• **TASK REQUIREMENTS**: Line by line, transcribe the data below exactly and pass over the images.

• **DATA SEGMENT**:
**********
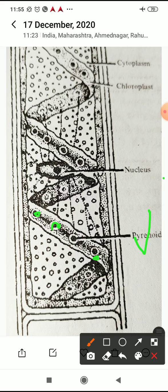The nucleus is single and large with a distinct nucleolus. The cytoplasm encloses a large central vacuole filled with cell sap, which is rich in tannins and other organic and inorganic compounds.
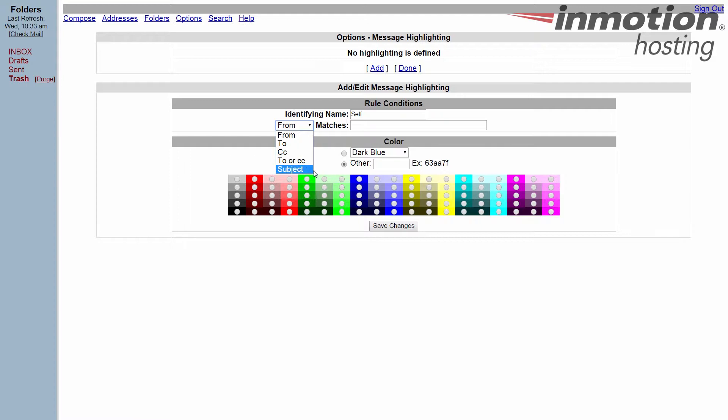So if you have a subject that you send yourself no matter from where and it's just like self or test or meeting or something like that, you can have those particular subjects also the same color.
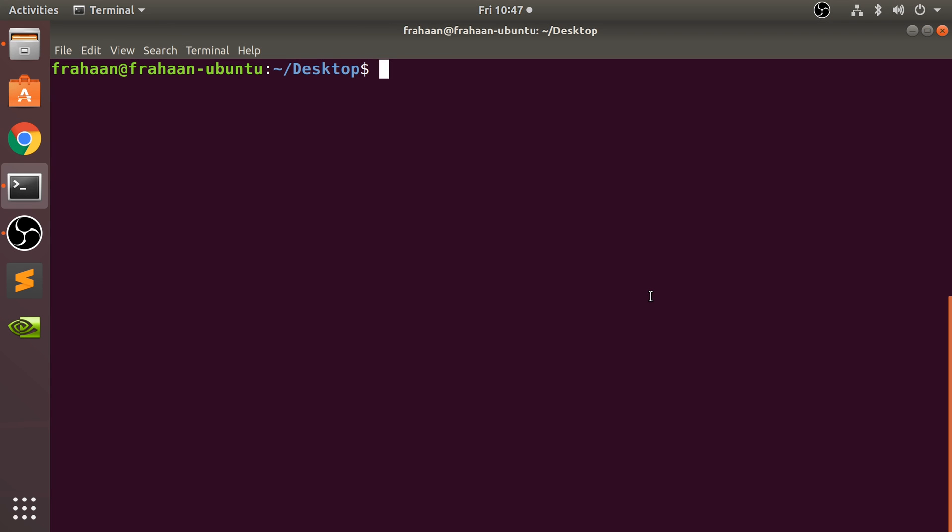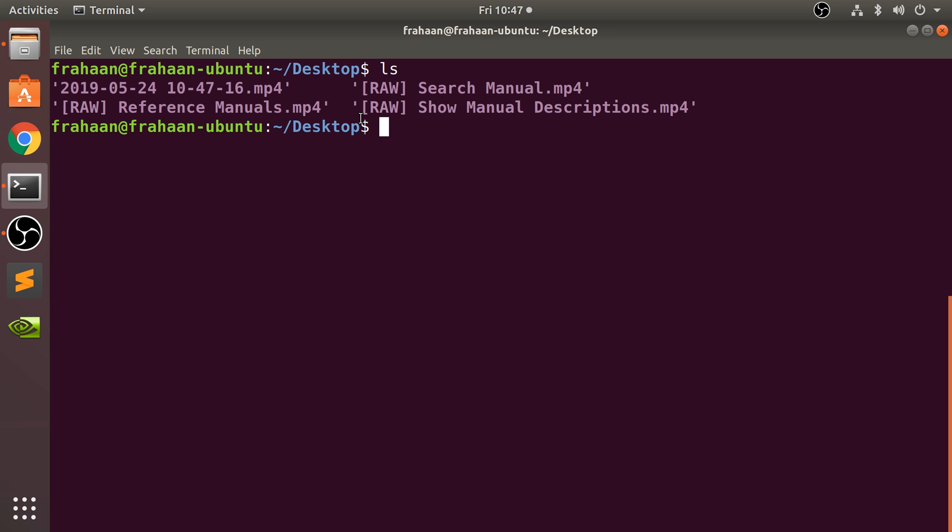Hello, in this video I'm going to show you how to make folders in command line. This is really simple. First of all, I'm on my desktop. I'm going to type in ls and as you can see, I've got four files here.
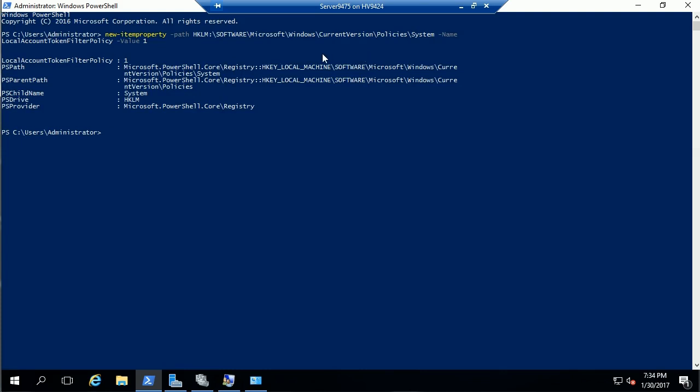In this example, Windows current version policy system. The name is the local account token filter policy, and we set the value to 1. We enable that policy. That's going to enable our not built-in account to be able to do the job.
**********
• **RESPONSE**:
The nucleus is single and large with a distinct nucleolus. The cytoplasm encloses a large central vacuole filled with cell sap, which is rich in tannins and other organic and inorganic compounds.
So if you have a subject that you send yourself no matter from where and it's just like self or test or meeting or something like that, you can have those particular subjects also the same color.
Hello, in this video I'm going to show you how to make folders in command line. This is really simple. First of all, I'm on my desktop. I'm going to type in ls and as you can see, I've got four files here.
In this example, Windows current version policy system. The name is the local account token filter policy, and we set the value to 1. We enable that policy. That's going to enable our not built-in account to be able to do the job.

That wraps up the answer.